CleanRL is a Deep Reinforcement Learning library that provides high-quality single-file implementation with research-friendly features. The implementation is clean and simple, yet we can scale it to run thousands of experiments using AWS Batch. The highlight features of CleanRL are:

📜 Single-file implementation
- Every detail about an algorithm is put into the algorithm's own file. It is therefore easier to fully understand an algorithm and do research with.
📊 Benchmarked Implementation (7+ algorithms and 34+ games at https://benchmark.cleanrl.dev)
📈 Tensorboard Logging
🪛 Local Reproducibility via Seeding
🎮 Videos of Gameplay Capturing
🧫 Experiment Management with Weights and Biases
💸 Cloud Integration with docker and AWS

Good luck have fun 🚀

Get started

Prerequisites:

Python 3.8+
Poetry

To run experiments locally, give the following a try:

git clone https://github.com/vwxyzjn/cleanrl.git && cd cleanrl
poetry install

# alternatively, you could use `poetry shell` and do
# `python run cleanrl/ppo.py`
poetry run python cleanrl/ppo.py \
    --seed 1 \
    --gym-id CartPole-v0 \
    --total-timesteps 50000

# open another temrminal and enter `cd cleanrl/cleanrl`
tensorboard --logdir runs

To use experiment tracking with wandb, run

wandb login # only required for the first time
poetry run python cleanrl/ppo.py \
    --seed 1 \
    --gym-id CartPole-v0 \
    --total-timesteps 50000 \
    --track \
    --wandb-project-name cleanrltest

To run training scripts in other games:

poetry shell

# classic control
python cleanrl/dqn.py --gym-id CartPole-v1
python cleanrl/ppo.py --gym-id CartPole-v1
python cleanrl/c51.py --gym-id CartPole-v1

# atari
poetry install -E atari
python cleanrl/dqn_atari.py --gym-id BreakoutNoFrameskip-v4
python cleanrl/c51_atari.py --gym-id BreakoutNoFrameskip-v4
python cleanrl/ppo_atari.py --gym-id BreakoutNoFrameskip-v4
python cleanrl/apex_dqn_atari.py --gym-id BreakoutNoFrameskip-v4

# pybullet
poetry install -E pybullet
python cleanrl/td3_continuous_action.py --gym-id MinitaurBulletDuckEnv-v0
python cleanrl/ddpg_continuous_action.py --gym-id MinitaurBulletDuckEnv-v0
python cleanrl/sac_continuous_action.py --gym-id MinitaurBulletDuckEnv-v0

# procgen
poetry install -E procgen
python cleanrl/ppo_procgen.py --gym-id starpilot
python cleanrl/ppo_procgen_impala_cnn.py --gym-id starpilot
python cleanrl/ppg_procgen.py --gym-id starpilot
python cleanrl/ppg_procgen_impala_cnn.py --gym-id starpilot

Algorithms Implemented

Deep Q-Learning (DQN)
- dqn.py
  - For discrete action space.
- dqn_atari.py
  - For playing Atari games.

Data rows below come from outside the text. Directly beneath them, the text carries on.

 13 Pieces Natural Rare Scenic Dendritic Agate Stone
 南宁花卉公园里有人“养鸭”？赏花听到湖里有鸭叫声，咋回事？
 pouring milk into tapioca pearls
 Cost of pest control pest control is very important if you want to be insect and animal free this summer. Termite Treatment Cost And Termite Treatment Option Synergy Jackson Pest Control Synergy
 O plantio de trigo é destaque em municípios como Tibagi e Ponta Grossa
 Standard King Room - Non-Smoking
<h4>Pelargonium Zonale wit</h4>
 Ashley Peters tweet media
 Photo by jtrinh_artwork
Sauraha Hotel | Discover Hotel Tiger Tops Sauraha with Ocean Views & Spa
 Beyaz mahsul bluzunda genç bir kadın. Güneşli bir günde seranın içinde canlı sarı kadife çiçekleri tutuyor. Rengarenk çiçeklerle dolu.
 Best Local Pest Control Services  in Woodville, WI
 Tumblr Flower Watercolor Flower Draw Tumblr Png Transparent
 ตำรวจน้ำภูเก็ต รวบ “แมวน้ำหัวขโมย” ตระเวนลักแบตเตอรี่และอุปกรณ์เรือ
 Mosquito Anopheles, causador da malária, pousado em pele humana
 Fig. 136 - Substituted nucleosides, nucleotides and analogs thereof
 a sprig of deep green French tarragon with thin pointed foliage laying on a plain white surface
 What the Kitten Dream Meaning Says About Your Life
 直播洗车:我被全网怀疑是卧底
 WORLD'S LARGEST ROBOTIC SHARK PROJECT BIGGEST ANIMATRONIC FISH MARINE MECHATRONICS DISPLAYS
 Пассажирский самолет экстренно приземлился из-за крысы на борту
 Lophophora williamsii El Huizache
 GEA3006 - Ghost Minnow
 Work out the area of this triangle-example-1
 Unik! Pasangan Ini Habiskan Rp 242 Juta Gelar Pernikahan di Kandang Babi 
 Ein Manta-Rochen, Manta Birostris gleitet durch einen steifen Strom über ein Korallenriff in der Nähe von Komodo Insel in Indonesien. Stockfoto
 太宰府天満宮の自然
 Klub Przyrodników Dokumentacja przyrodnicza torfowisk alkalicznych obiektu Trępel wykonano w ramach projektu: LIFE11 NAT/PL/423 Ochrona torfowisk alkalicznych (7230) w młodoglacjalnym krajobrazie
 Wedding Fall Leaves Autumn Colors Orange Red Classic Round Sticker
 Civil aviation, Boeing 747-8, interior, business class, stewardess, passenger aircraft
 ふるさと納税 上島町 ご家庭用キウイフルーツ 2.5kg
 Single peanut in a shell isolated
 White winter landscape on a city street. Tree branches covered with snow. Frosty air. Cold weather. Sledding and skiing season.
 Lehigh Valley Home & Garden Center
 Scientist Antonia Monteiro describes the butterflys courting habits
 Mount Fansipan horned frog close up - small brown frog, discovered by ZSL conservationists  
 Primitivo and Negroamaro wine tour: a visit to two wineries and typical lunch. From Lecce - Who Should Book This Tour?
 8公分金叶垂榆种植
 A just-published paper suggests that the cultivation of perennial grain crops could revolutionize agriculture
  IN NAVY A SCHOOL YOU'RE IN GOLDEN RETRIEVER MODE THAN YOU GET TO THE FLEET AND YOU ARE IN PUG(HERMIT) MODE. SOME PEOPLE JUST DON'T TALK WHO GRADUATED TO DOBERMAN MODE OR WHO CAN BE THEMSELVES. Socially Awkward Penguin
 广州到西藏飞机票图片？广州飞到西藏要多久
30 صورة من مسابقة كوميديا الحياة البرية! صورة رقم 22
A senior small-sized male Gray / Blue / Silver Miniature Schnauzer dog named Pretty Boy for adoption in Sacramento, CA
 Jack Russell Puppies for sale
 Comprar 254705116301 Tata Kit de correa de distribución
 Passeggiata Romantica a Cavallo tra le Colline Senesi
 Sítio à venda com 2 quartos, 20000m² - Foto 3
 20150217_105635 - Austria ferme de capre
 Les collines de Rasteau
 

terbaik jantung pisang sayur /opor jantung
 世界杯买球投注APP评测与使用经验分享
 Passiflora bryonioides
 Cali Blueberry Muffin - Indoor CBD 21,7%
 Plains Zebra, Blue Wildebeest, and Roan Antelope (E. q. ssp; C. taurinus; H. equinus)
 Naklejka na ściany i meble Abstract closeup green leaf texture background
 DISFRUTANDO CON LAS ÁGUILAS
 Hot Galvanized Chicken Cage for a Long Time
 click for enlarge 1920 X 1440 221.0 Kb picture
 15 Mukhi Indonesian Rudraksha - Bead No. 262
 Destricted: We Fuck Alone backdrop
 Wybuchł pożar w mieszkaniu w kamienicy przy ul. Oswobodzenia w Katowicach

It uses convolutional layers and common atari-based pre-processing techniques.
Categorical DQN (C51)
- c51.py
  - For discrete action space.
- c51_atari.py
  - For playing Atari games. It uses convolutional layers and common atari-based pre-processing techniques.
- c51_atari_visual.py
  - Adds return and q-values visulization for dqn_atari.py.
Proximal Policy Gradient (PPO)
- All of the PPO implementations below are augmented with some code-level optimizations. See https://costa.sh/blog-the-32-implementation-details-of-ppo.html for more details
- ppo.py
  - For discrete action space.
- ppo_continuous_action.py
  - For continuous action space. Also implemented Mujoco-specific code-level optimizations
- ppo_atari.py
  - For playing Atari games. It uses convolutional layers and common atari-based pre-processing techniques.
Soft Actor Critic (SAC)
- sac_continuous_action.py
  - For continuous action space.
Deep Deterministic Policy Gradient (DDPG)
- ddpg_continuous_action.py
  - For continuous action space.
Twin Delayed Deep Deterministic Policy Gradient (TD3)
- td3_continuous_action.py
  - For continuous action space.
Apex Deep Q-Learning (Apex-DQN)
- apex_dqn_atari_visual.py
  - For playing Atari games. It uses convolutional layers and common atari-based pre-processing techniques.

Open RL Benchmark

Open RL Benchmark by CleanRL is a comprehensive, interactive and reproducible benchmark of deep Reinforcement Learning (RL) algorithms. It uses Weights and Biases to keep track of the experiment data of popular deep RL algorithms (e.g. DQN, PPO, DDPG, TD3) in a variety of games (e.g. Atari, Mujoco, PyBullet, Procgen, Griddly, MicroRTS). The experiment data includes:

reproducibility info:
- source code and requirements.txt
- hyper-parameters and the exact command to reproduce results
metrics:
- training metrics and videos of the agents playing the game
- system metrics and logs

Open RL Benchmark has over 1000+ experiments including runs from other projects, which is overwhelming to present in a single report. Instead, we present the results in separate reports. Please click on the links below to access them.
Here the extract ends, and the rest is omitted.